Monday, September 03, 2007

L.A. Times Should Restore Specific Bylines

In the lead story of Sunday's Los Angeles Times, Doyle McManus, the Times' venerable Washington bureau chief, has a useful article laying out prospectives for the new debate on Iraq war policy that will be kicked off this week in Congress by the release of the report by General David Petraeus, the U.S. commander in Iraq, as to how the war is going there months after President Bush ordered a "surge" of U.S. troops.

McManus is a far more authoritative writer, and far fairer I might add, to all sides of the debate than the antiwar advocate in the Washington bureau, Noam Levey, who has been covering the Democratic side of the debate this year.

But in the old days, before editor John Carroll scrapped the tradition of having bylines that identified staff writers by their specific roles at the newspaper, such as "Times political writer," "Times Science Writer," "Times Urban Affairs Writer," "Times Religion Writer," and so on, McManus would have been identified by his title, "Times Washington Bureau Chief" just under his byline. This would have tipped off readers that they were reading a report by the Times' senior national reporter.

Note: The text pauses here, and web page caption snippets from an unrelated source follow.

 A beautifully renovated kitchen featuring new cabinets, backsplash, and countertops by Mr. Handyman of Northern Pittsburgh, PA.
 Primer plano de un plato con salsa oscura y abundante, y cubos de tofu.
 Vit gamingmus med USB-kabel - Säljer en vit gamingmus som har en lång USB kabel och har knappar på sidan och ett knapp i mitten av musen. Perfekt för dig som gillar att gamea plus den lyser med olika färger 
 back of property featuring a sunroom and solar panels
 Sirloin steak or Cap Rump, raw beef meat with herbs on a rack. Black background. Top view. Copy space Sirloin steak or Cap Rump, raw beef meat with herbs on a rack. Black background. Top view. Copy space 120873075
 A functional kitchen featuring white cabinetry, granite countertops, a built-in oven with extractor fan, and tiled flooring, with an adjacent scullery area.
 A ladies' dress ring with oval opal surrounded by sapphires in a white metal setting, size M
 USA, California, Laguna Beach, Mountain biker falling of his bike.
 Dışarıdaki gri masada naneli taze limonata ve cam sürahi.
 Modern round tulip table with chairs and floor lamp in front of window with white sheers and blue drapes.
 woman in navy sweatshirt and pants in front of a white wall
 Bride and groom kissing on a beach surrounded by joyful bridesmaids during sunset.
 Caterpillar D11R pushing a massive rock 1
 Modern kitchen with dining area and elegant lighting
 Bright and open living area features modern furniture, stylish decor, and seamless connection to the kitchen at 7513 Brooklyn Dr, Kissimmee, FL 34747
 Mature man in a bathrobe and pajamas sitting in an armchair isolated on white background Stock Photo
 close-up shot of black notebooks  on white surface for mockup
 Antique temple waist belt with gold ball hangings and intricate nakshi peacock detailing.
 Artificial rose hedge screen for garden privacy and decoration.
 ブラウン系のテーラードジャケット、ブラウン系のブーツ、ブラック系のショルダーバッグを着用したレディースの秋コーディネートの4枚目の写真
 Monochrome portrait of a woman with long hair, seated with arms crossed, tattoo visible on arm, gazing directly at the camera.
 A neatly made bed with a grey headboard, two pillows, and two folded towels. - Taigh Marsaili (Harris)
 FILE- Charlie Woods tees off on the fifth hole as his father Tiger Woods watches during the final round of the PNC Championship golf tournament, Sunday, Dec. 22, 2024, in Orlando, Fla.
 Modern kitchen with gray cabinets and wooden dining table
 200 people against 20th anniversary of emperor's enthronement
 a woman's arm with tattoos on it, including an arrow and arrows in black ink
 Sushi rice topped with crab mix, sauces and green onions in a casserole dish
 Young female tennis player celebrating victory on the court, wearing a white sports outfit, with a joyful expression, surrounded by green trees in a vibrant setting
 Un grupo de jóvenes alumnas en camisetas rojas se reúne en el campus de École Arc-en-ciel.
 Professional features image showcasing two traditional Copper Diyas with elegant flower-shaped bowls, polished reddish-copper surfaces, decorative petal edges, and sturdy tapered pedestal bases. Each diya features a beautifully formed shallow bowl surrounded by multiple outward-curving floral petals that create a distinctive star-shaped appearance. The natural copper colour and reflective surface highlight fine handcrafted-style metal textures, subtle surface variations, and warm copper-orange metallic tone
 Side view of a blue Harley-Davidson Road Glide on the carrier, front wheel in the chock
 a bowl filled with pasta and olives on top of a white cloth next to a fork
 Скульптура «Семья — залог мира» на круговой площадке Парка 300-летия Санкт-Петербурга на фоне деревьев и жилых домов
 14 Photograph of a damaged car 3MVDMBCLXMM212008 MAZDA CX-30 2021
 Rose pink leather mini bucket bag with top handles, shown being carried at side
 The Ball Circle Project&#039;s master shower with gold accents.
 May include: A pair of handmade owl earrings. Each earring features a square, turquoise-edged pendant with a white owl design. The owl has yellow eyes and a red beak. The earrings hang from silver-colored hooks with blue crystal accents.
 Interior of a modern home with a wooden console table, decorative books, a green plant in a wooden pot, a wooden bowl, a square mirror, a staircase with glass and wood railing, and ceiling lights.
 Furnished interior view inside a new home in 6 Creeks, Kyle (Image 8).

It is time to bring back this system. In addition to giving readers' more information as to just who they are hearing from when they are looking at an article on a specially-defined subject, it also confers on the senior reporters some additional title that brings with it a higher status.

When a reporter has achieved some special expertise, or covers a particular subject all the time as part of his or her beat, this should be identified whenever he or she has a story in the Times.

Not doing so was one of the changes brought about by Carroll when he was at the newspaper that did not make sense.

I remarked last week that, as one of the steps that has recently been taken to improve the Times' California section, the work of George Skelton, the newspaper's state political columnist, has been moved from inside the section to Page 1 of the section.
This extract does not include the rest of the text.